Na sequência, os estudantes das escolas participantes irão elaborar um vídeo envolvendo o tema do projeto. Os vídeos deverão ter até 1 minuto e 30 segundos e serão publicados na página da Secretaria Municipal de Educação. O vídeo que tiver mais curtidas irá receber um prêmio.

O projeto finaliza no dia 27 de novembro quando todos os participantes assistirão aos vídeos com a entrega da premiação ao vencedor. Todas as escolas irão receber um selo de “escola da paz”.

SECRETARIA MUNICIPAL DE EDUCAÇÃO

A secretária Municipal de Educação, Vandecy Dutra, falou sobre a importância do projeto nas comunidades escolares.

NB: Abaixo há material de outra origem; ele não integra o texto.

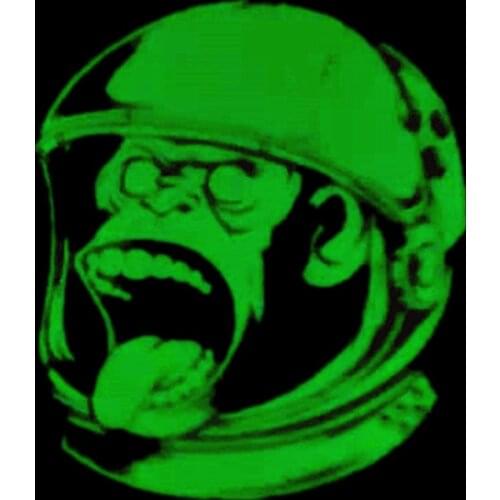 Patches Monkey Luminous Apparel Accessories Diy Clothing Thermal Transfer Paper Iron Ons Sticker for Clothes Fluorescence Patch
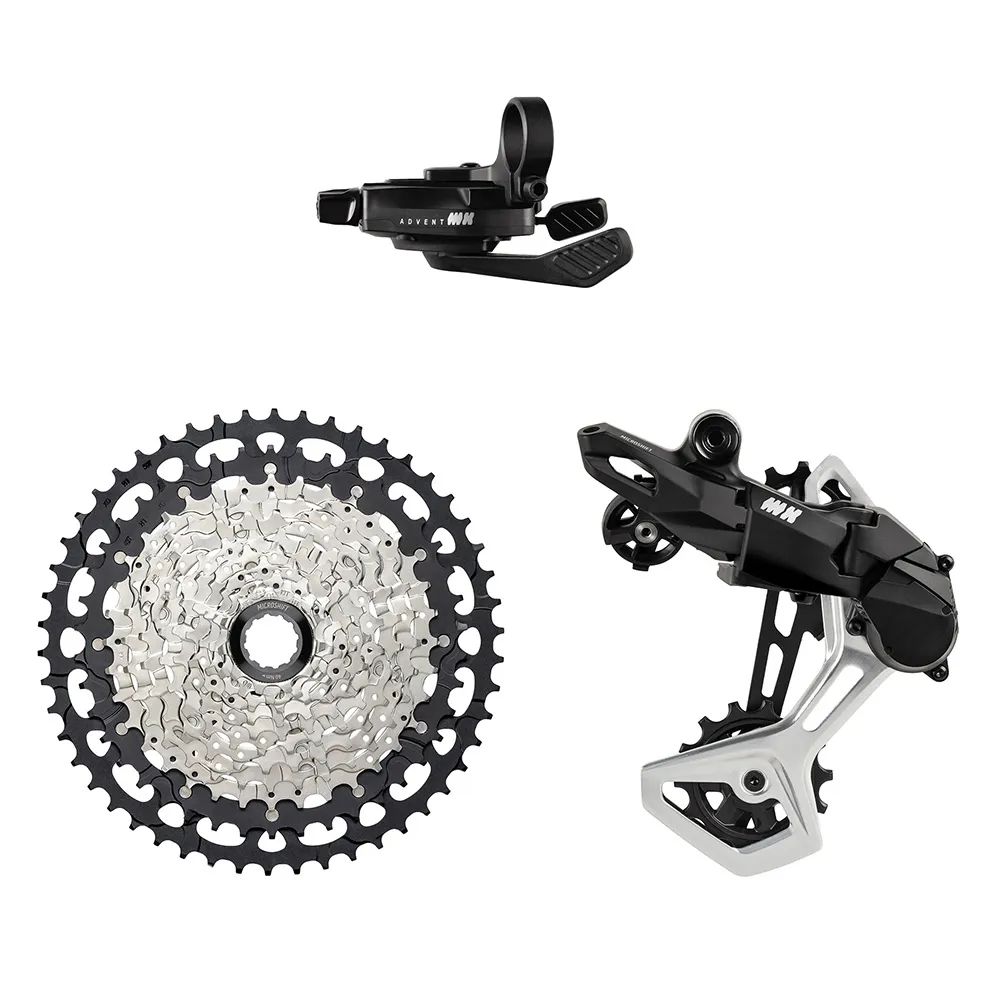 uPRISE Bikes Microshift Advent MX M7100 1X 11-Speed 11-50T MTB Groupset - Black | Price match, 365 day returns, 18-Month Warranty, Finance Available & Free UK Delivery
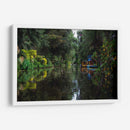 Escena de Xochimilco - Carla Fernández | Cuadro decorativo de Canvas Lab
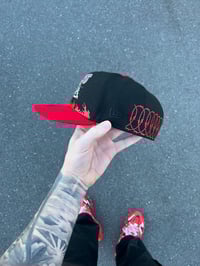 Image 4 of  BLACK TRI TONE BUFFALO BISONS CUSTOM FITTED CAP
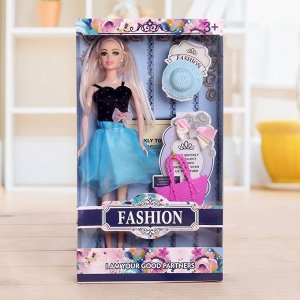 Кукла модель «Лиза» в платье, с аксессуарами, МИКС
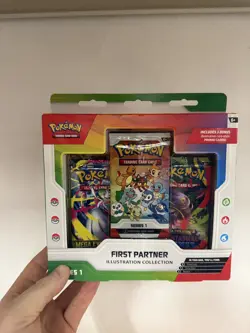 Pokemon First Partner Illustration Collection Series 1 Pack Box New Sealed Gen 1 - Image 1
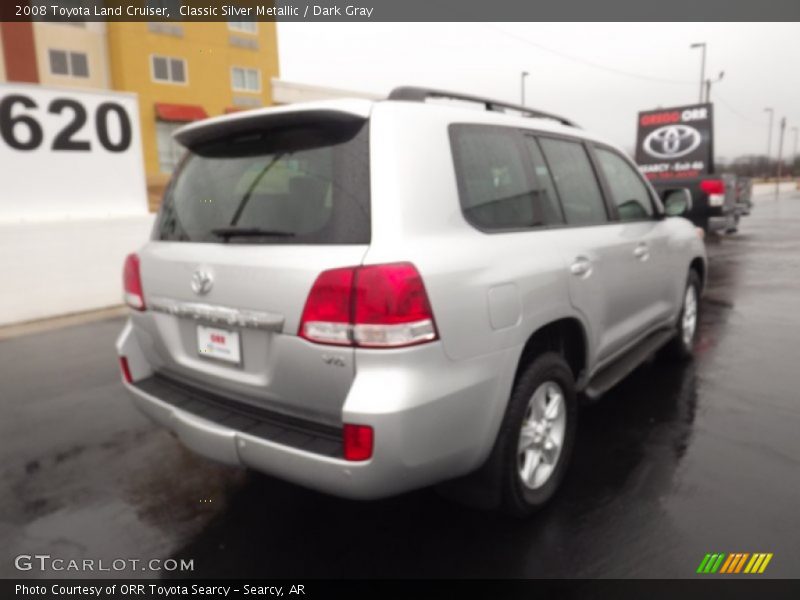 Classic Silver Metallic / Dark Gray 2008 Toyota Land Cruiser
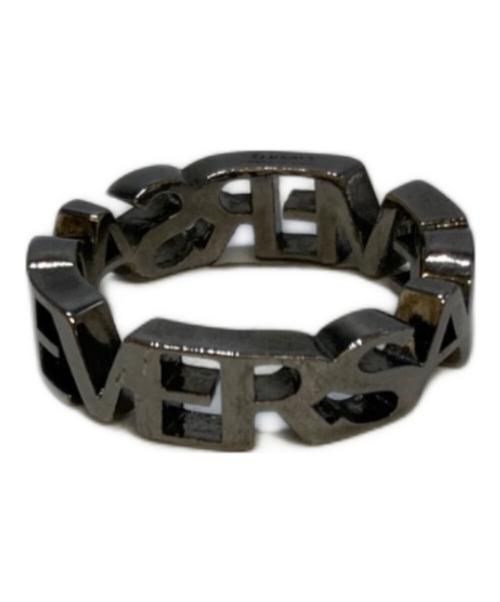 VERSACE（ヴェルサーチェ）VERSACE (ヴェルサーチェ) ブランドロゴリング シルバー サイズ:19号の古着・服飾アイテム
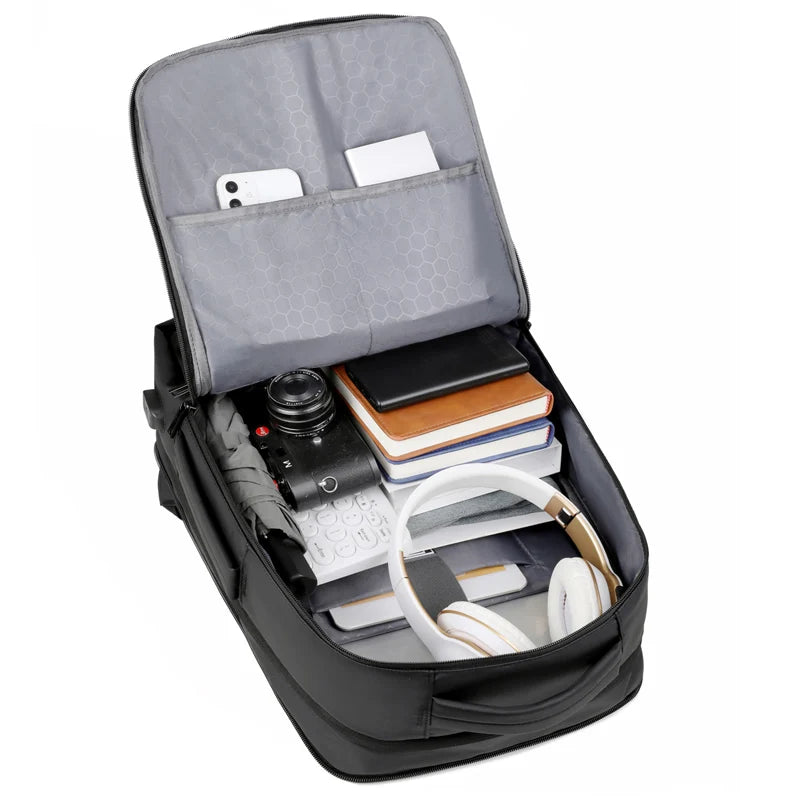 Rilibegan Men Travel Backpack Oxford Big Capacity USB Charge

“Esta foi uma proposta da juíza Cíntia Graeff, que me chamou até o tribunal para abraçar esse projeto. Juntos vamos trabalhar pela paz construindo lares sem violência. É uma proposta de trabalho com as crianças  que vivem esse dia a dia. Nós sabemos que a violência ocorre dentro de casa e para que essas crianças saibam que isso também pode ser mudado elas serão conscientizadas sobre o tema. Vamos trabalhar nesse primeiro momento com quatro escolas, ampliando as ações para que possamos formar cidadãos conscientes e pessoas mais responsáveis”, destacou.

De acordo com a diretora da Escola Municipal Nascimento Junior, Silvia Mendes, o projeto é importante porque vai contribuir para mudança da mentalidade. “As crianças serão futuros cidadãos da nossa sociedade. É uma semente que está sendo plantada hoje e os resultados serão colhidos futuramente. A iniciativa é ótima porque quando envolve as crianças estamos envolvendo toda a sociedade de modo geral”, apontou.

Juíza Cíntia Graeff apresentou todas as etapas do projeto

TRIBUNAL DE JUSTIÇA

A juíza Cíntia Graeff ressaltou que a ideia do projeto é  buscar a prevenção pela educação.

“A violência doméstica é um problema social que deve ser combatido por todos os setores da sociedade. Educando as crianças de hoje podemos construir lares sem violência e uma sociedade melhor amanhã. Hoje estamos iniciando o projeto com uma reunião e uma palestra como forma de capacitação de todos os gestores da rede municipal de ensino. Na sequência, nós iremos às escolas. Nesse primeiro momento foram selecionadas quatro escolas de acordo com o mapeamento de violência, ou seja, por regiões, em bairros com maiores índices de violência. Iremos nessas quatro escolas conversar com as crianças e expor o tema. Depois eles vão produzir um vídeo que será publicado nas redes sociais. É uma forma de envolvermos toda a sociedade neste programa, pois os casos de violência contra mulher vêm crescendo, pois o número de mulheres que decidiram romper com esse ciclo e finalmente denunciar seus agressores vem aumentando”, destacou.

A juíza também ressaltou a importância do apoio dos filhos no combate à violência doméstica. “É uma forma de apoio porque, muitas vezes, as mães se sentem sozinhas, elas não se sentem apoiadas. A conscientização dos filhos também pode ajudar a família em casa. O resultado é plantar e colher lá na frente. O que estamos fazendo é conscientizar as crianças para que elas reflitam sobre o tema a fim de que essa questão tenha maior visibilidade", ressaltou Cíntia Graeff.